<<<<

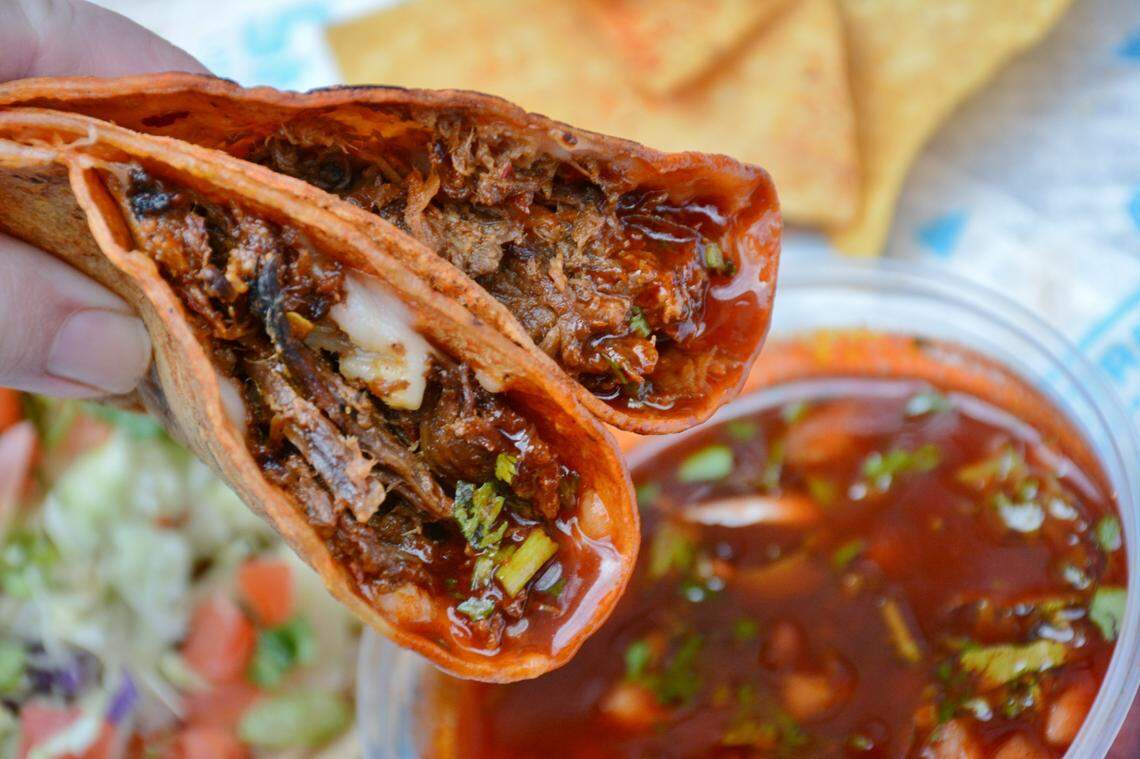 Sabor’s quesabirria are filled with barbacoa beef and shredded cheese, and served with a side of the consomme broth to dip them in.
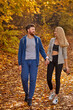 © alfa27 - portrait of caucasian lovely couple spending time together, walking. they walk through yellow woods at summer autumn day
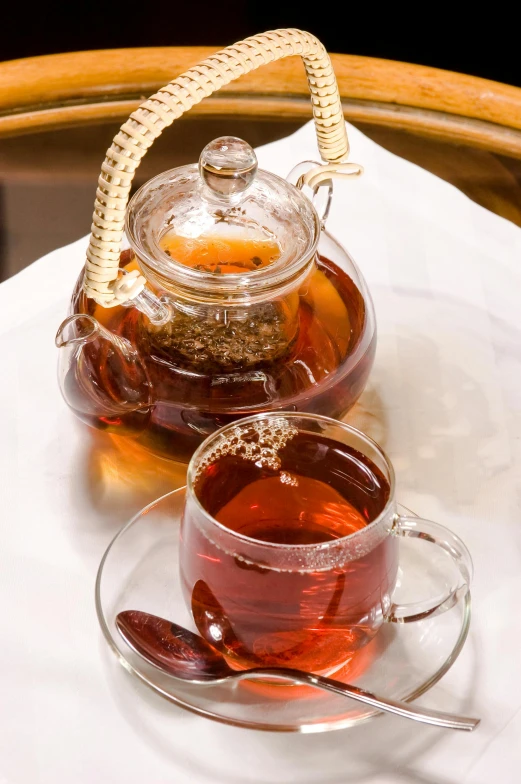 a tea pot sitting on top of a table next to a cup of tea, iced tea glass, thumbnail, crimson, soup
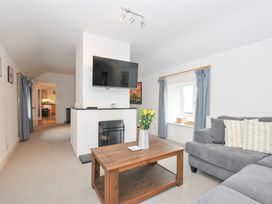 A living room with a sofa and coffee table at Orchard Cottage in Polzeath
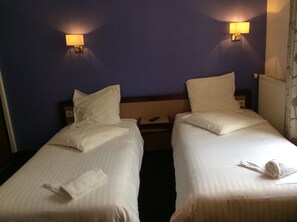 A hotel room with two single beds, each with a pillow and a rolled towel. - Hotel De La Place (Malakoff)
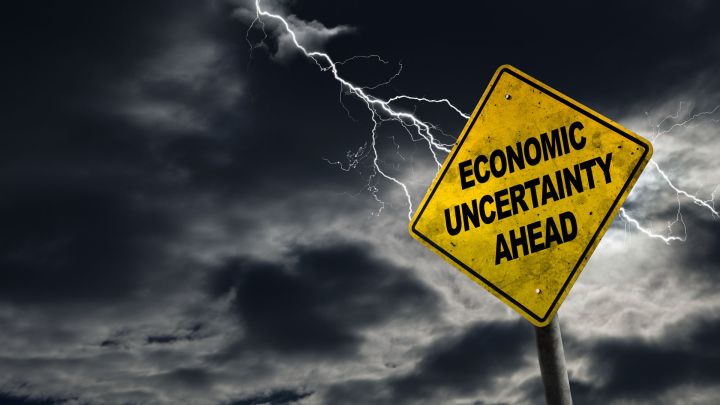 Stormy weather with a sign that reads economic uncertainty ahead.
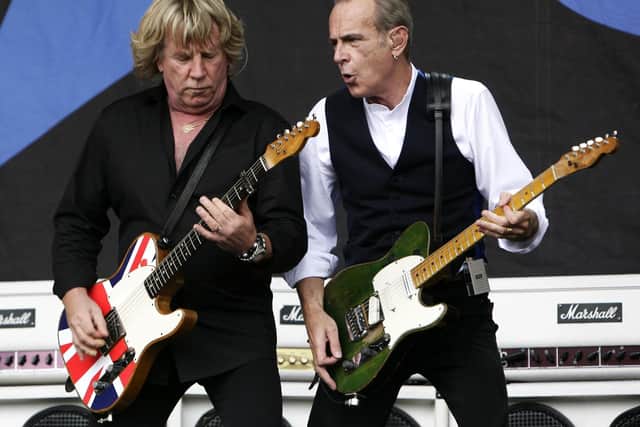 Rick Parfitt (left) and Francis Rossi of Status Quo performing at the Glastonbury Festival in 2009. (PA).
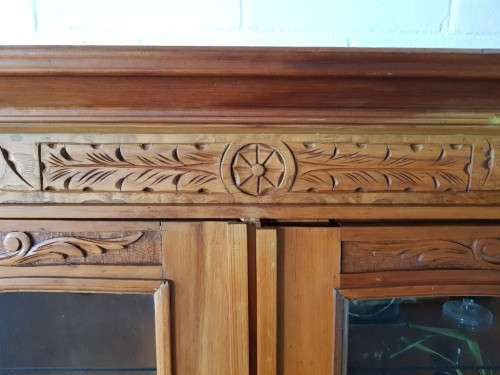 A magnificent vintage solid Oregon display cabinet with glass doors and shelves and hand carvings!!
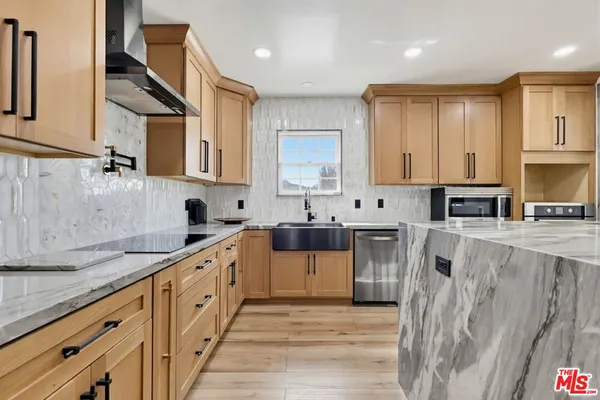 a kitchen with stainless steel appliances granite countertop a stove and a sink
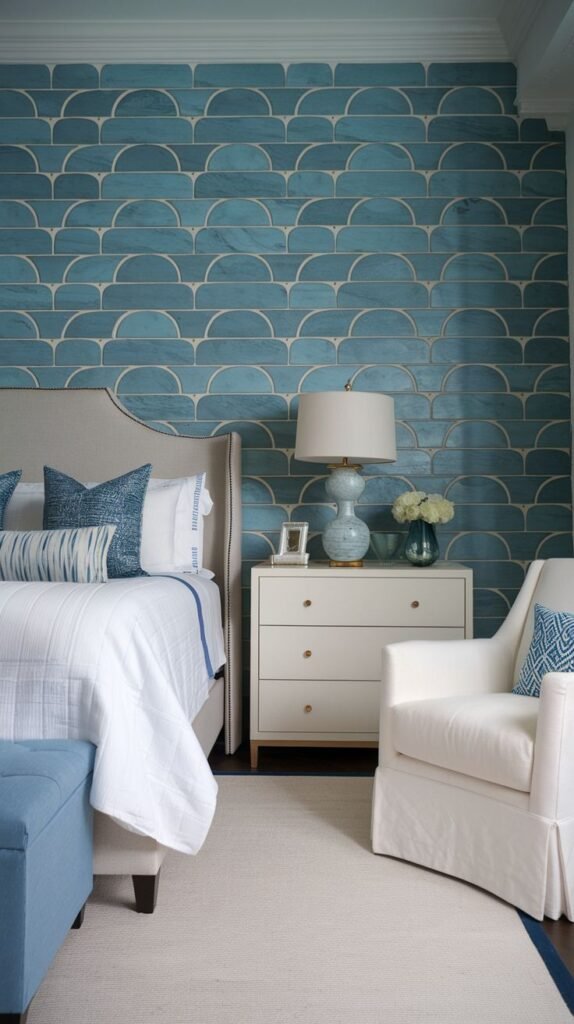 Mid-Tone Blue Scalloped Tile Pattern Wall Bedroom featuring an accent wall covered in a repeating pattern of mid-tone blue scallop-shaped tiles or half-moons, outlined in a lighter color.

>>>>

Task
Set down word for word every line from the line containing "Stormy weather with" through the last line of the entries, and nothing more; no pictures.

Exercise result
 Stormy weather with a sign that reads economic uncertainty ahead.
 Rick Parfitt (left) and Francis Rossi of Status Quo performing at the Glastonbury Festival in 2009. (PA).
 A magnificent vintage solid Oregon display cabinet with glass doors and shelves and hand carvings!!
 a kitchen with stainless steel appliances granite countertop a stove and a sink
 Mid-Tone Blue Scalloped Tile Pattern Wall Bedroom featuring an accent wall covered in a repeating pattern of mid-tone blue scallop-shaped tiles or half-moons, outlined in a lighter color.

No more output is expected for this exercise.